L’enjeu ici réside dans la faculté des titulaires de droits réels de solliciter le partage du bien et plus précisément pour un usufruitier et un nu-propriétaire de mettre fin prématurément au démembrement du droit de propriété.

La fin de ce démembrement ne peut toutefois intervenir qu’à la mort de l’usufruitier.
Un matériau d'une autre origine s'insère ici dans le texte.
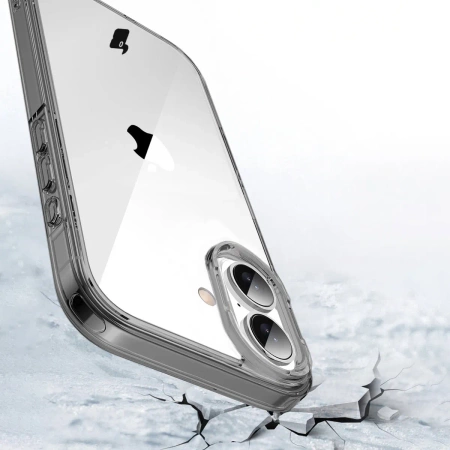 Etui Bizon Case Halo do iPhone 16, przydymione-czarne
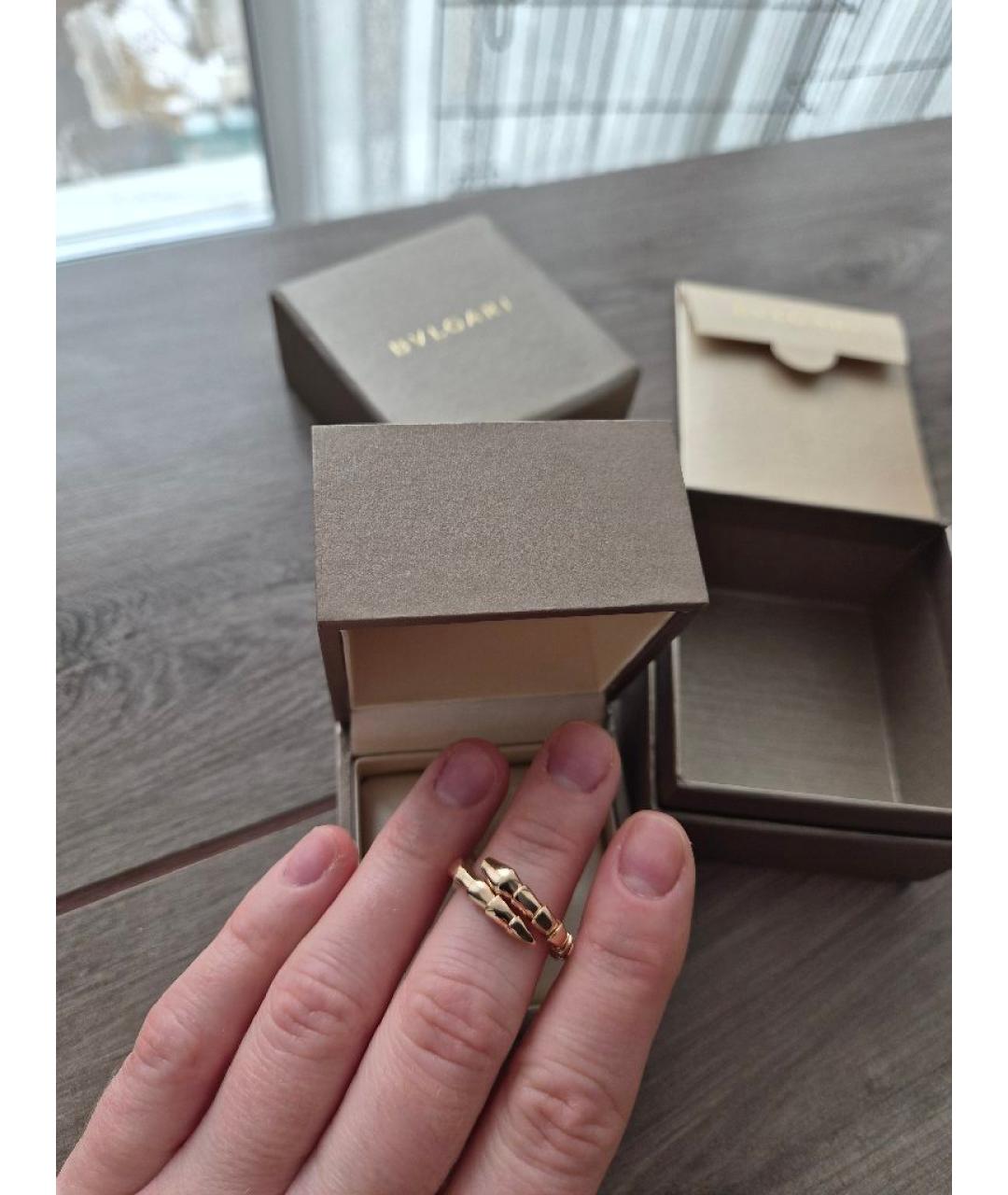 BVLGARI Розовое кольцо из розового золота, фото 3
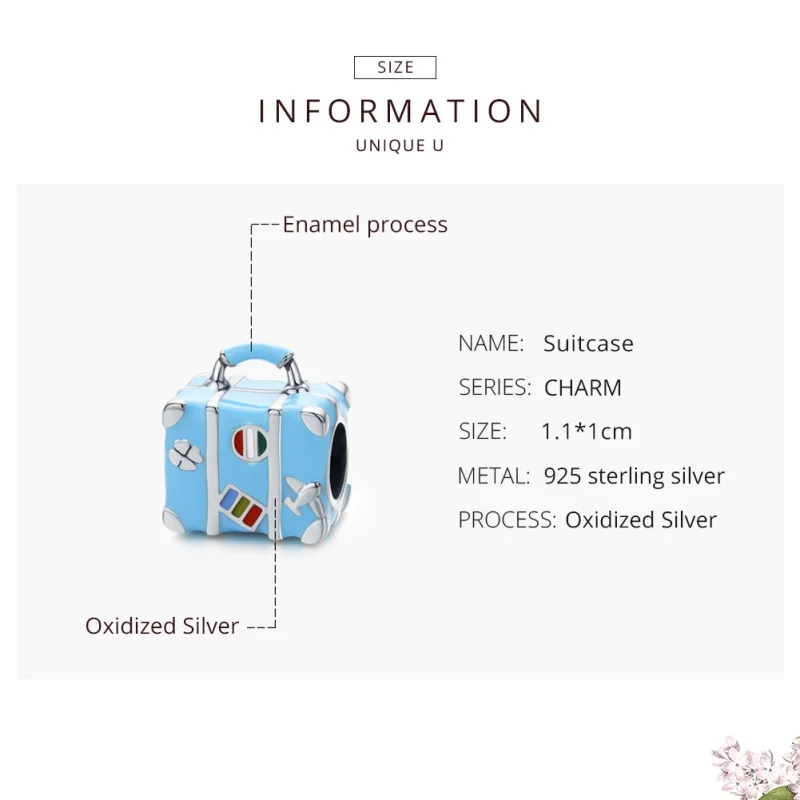 (imagem para) Charm Mala de viagem life Pandora - SCC1377 - Visualizar 7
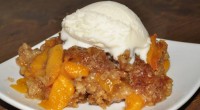 Ingredients: 3/4 cup uncooked old fashioned oats 2/3 cup brown sugar 3/4 cup granulated sugar 1/2 cup biscuit baking mix (like bisquick) 3/4 tsp ground cinnamon 5 fresh peaches, peeled […]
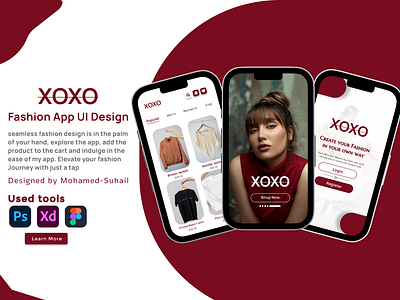 XOXO Fashion App UI Design animation app design app ui design design e commerce app fashion app design fashion app ui design fashion ui design fashionapp figma mobileapp mobileapp design modern fashion design ui ui design uiux design uiuxdesign xoxo app design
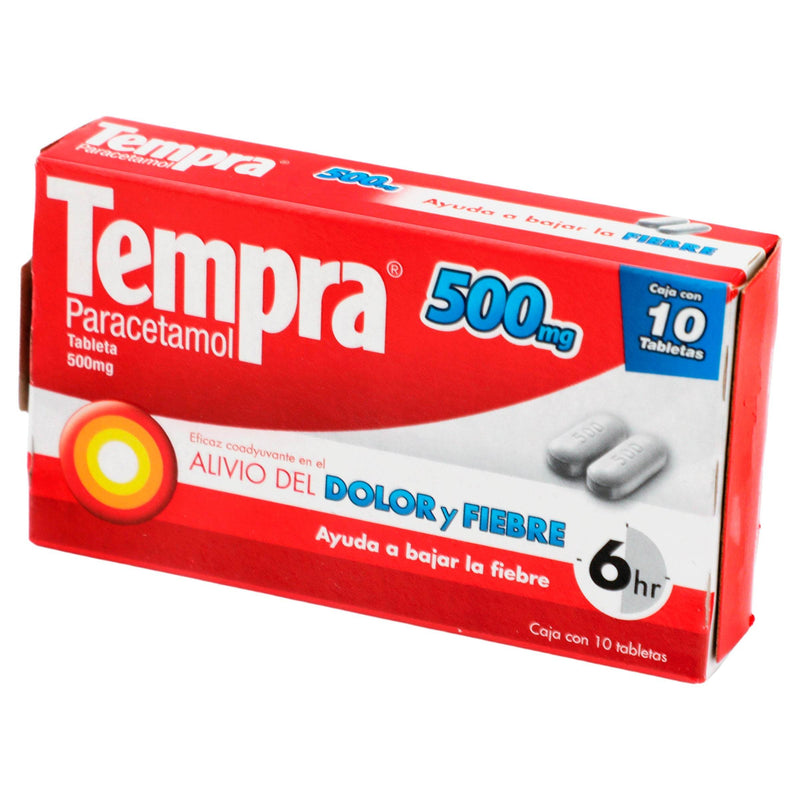Tempra 500Mg Con 10 Tabletas (Paracetamol) - WeCare Pharma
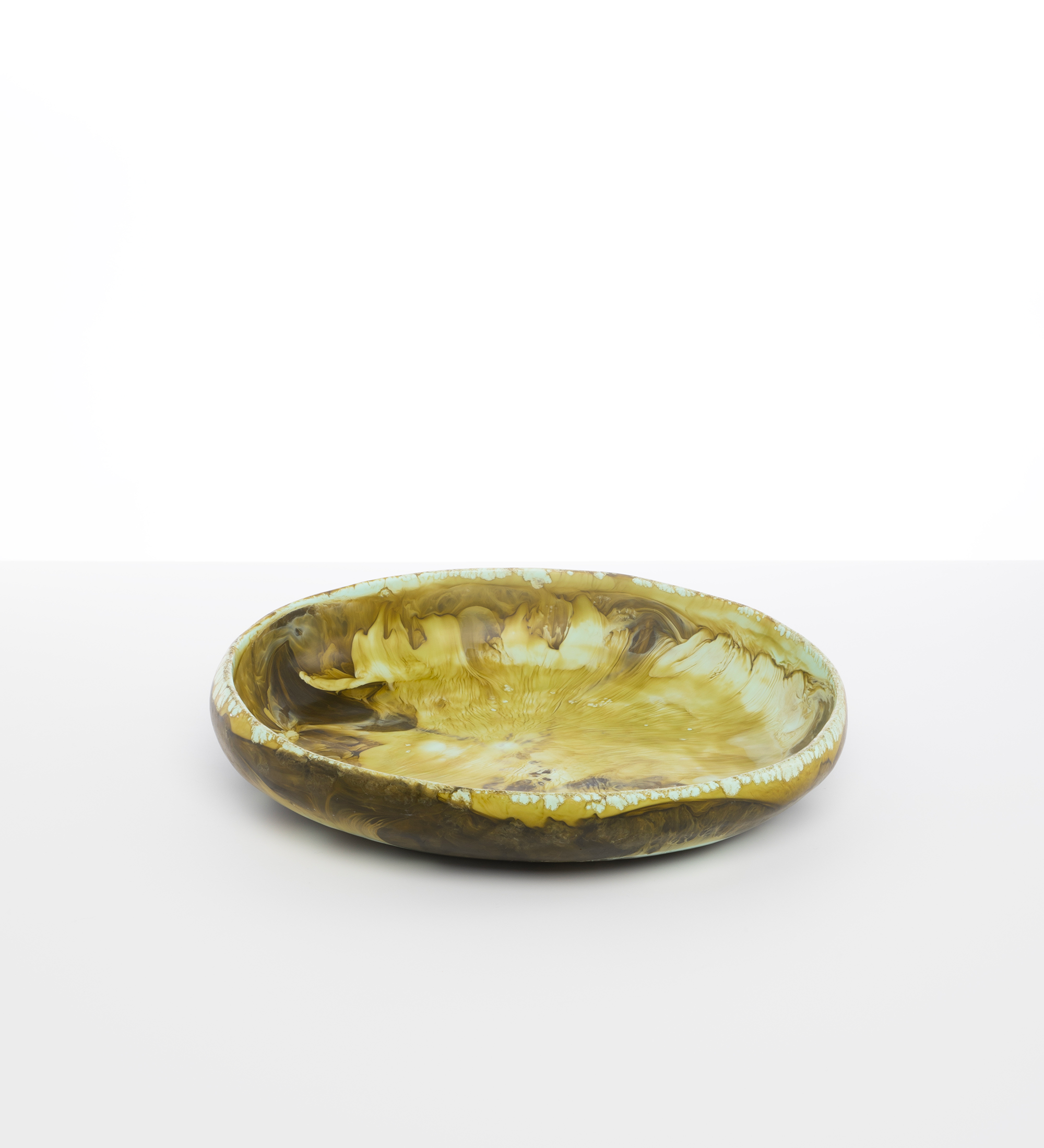 Dinosaur Designs Large Earth Bowl Bowls in Malachite Colour resin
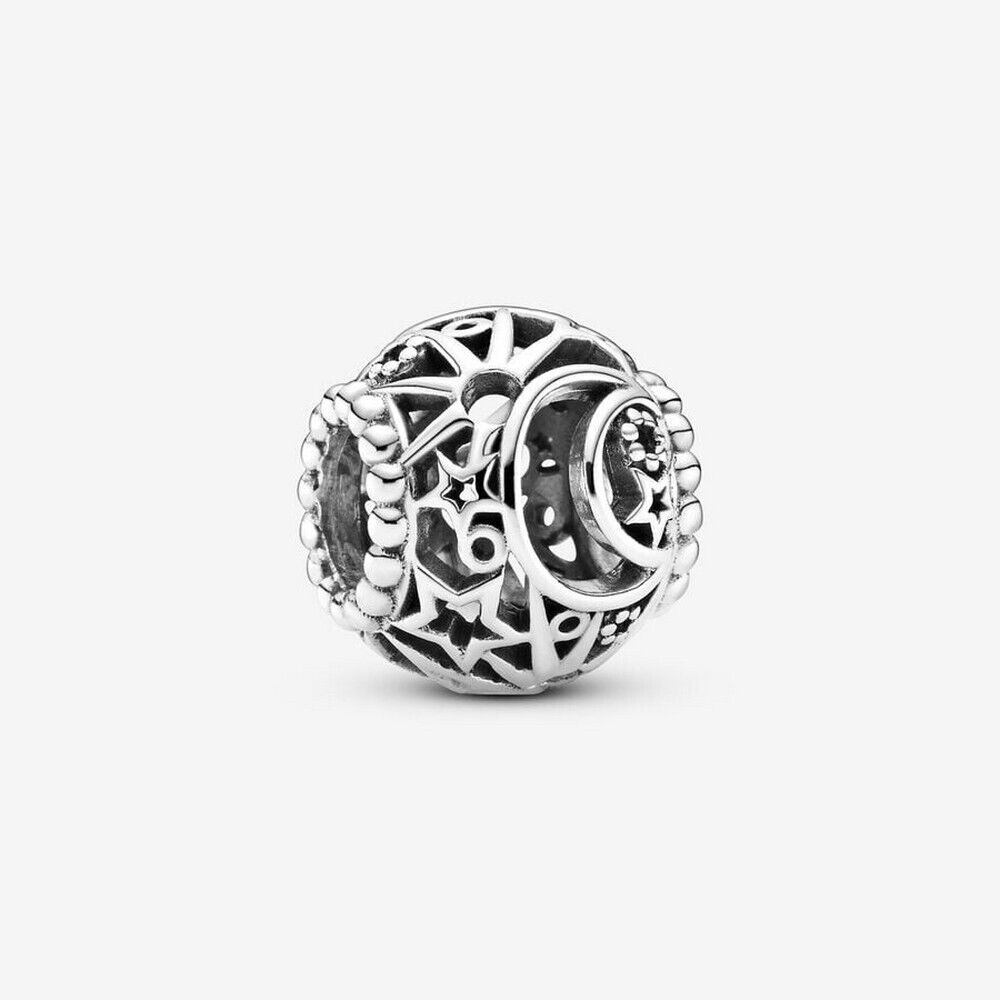 Charm Openwork Sole, Stelle e Luna donna Pandora 799183C00 Argento 925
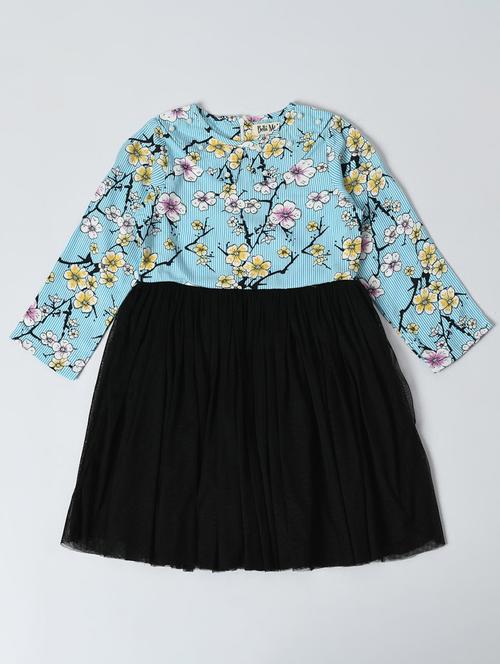 girls floral printed cotton frock - 20859271 - Very Small Image - 1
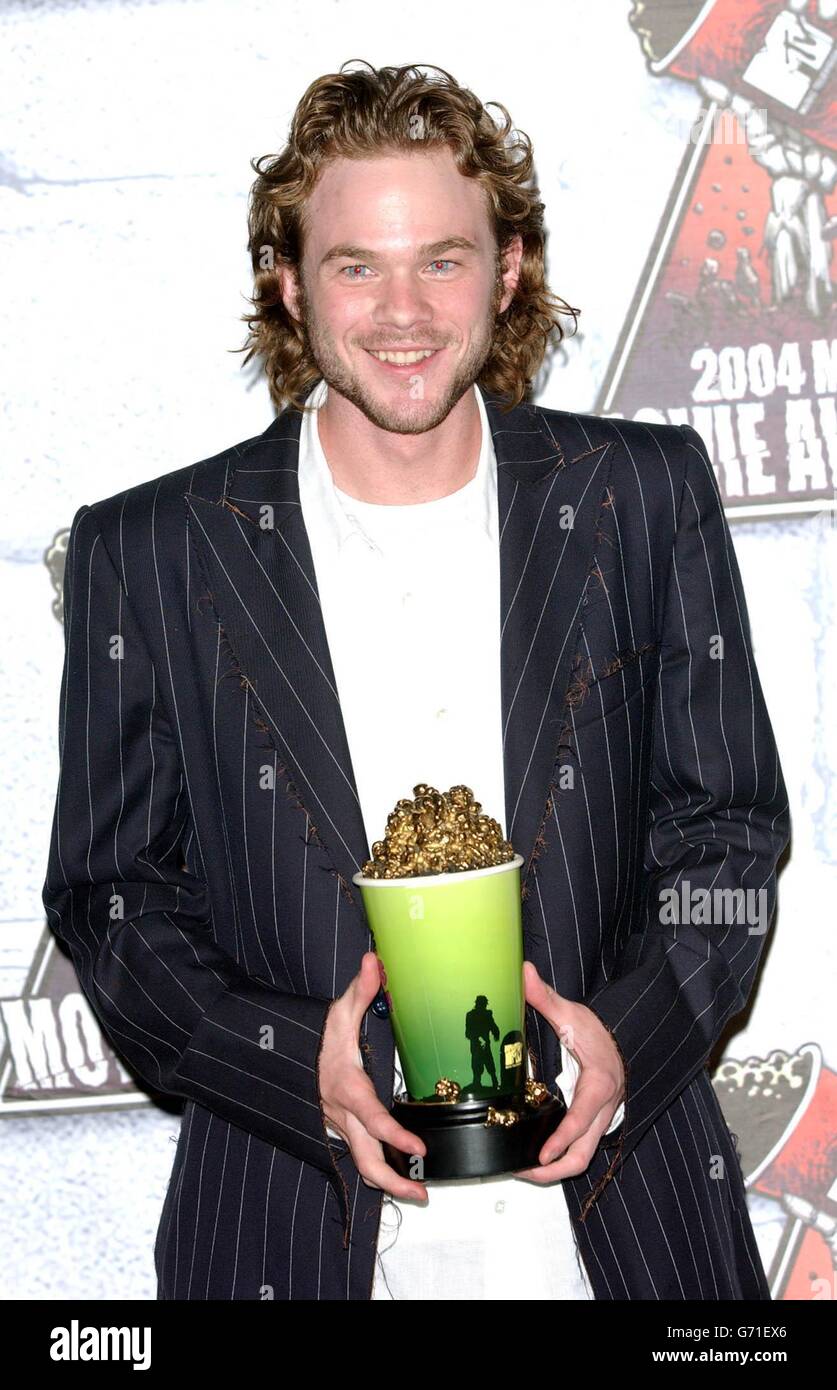 Actor shawn ashmore mtv movie awards 2004 hires stock photography and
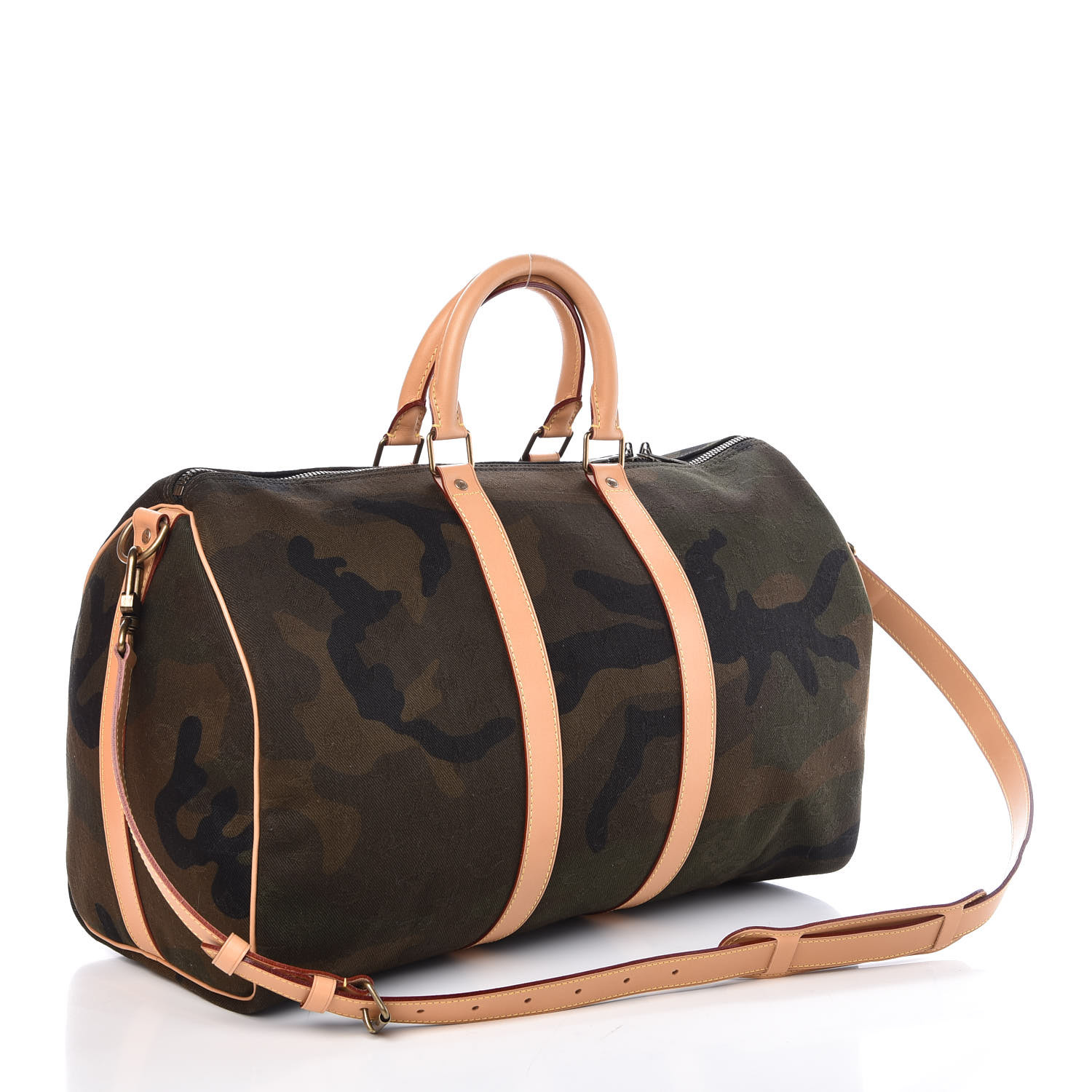 lv camo keepall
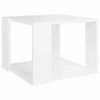 vidaXL コーヒーテーブル ホワイト 40x40x30cm エンジニアリングウッド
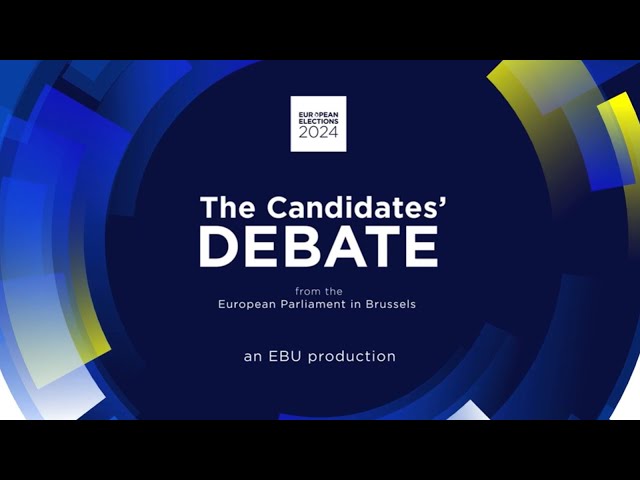 ⁣EU election lead candidates face off in last debate before polls open in two weeks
Aussi, ne saurait-on contourner cette règle en convoquant des droits – au cas particulier le droit au partage – qui ne sont reconnus qu’aux seuls titulaires de droits indivis.

Il peut être observé que le même raisonnement peut être tenu s’agissant du tréfonds (la propriété du sous-sol) et de la superficie (la propriété de la surface).

En effet, l’un et l’autre font l’objet de droits de propriétés distincts, de sorte que le tréfoncier et le superficiaire ne sauraient être regardés comme se trouvant en situation d’indivision.

À l’instar de l’usufruitier et du nu-propriétaire, ils sont titulaires de droits, non pas qui se tiennent côte à côte, mais qui se superposent.

==> Mise en œuvre

Si l’exigence d’identité des droits conduit à dénier au nu-propriétaire et à l’usufruitier la qualité de coïndivisaire, il est en revanche admis que puisse exister une situation d’indivision entre titulaires de démembrements du droit de propriété, pourvu que ces démembrements soient de même nature.

Dans un arrêt du 7 juillet 2016, la Cour de cassation a affirmé en ce sens que « l’indivision s’entend de la coexistence de droits de même nature sur un même bien [de sorte] qu’elle peut ne porter que sur une partie des droits des intéressés » (Cass. 3e civ. 7 juill. 2016, n°15-10.278).

Aussi, l’indivision est-elle susceptible d’intervenir dans plusieurs configurations :

III) Identité d’objet

Pour que plusieurs personnes se trouvent en situation d’indivision, les droits réels concurrents dont elles sont titulaires doivent avoir le même objet.

À cet égard, l’indivision peut porter, tant sur un bien unique, que sur plusieurs biens.

Il est également admis qu’une indivision puisse porter sur une universalité, tel que, par exemple, un fonds de commerce.

S’agissant de la nature des biens objets de l’indivision, il est indifférent qu’il s’agisse d’un meuble ou d’un immeuble. Il importe peu également que l’on soit en présence d’une chose corporelle ou incorporelle.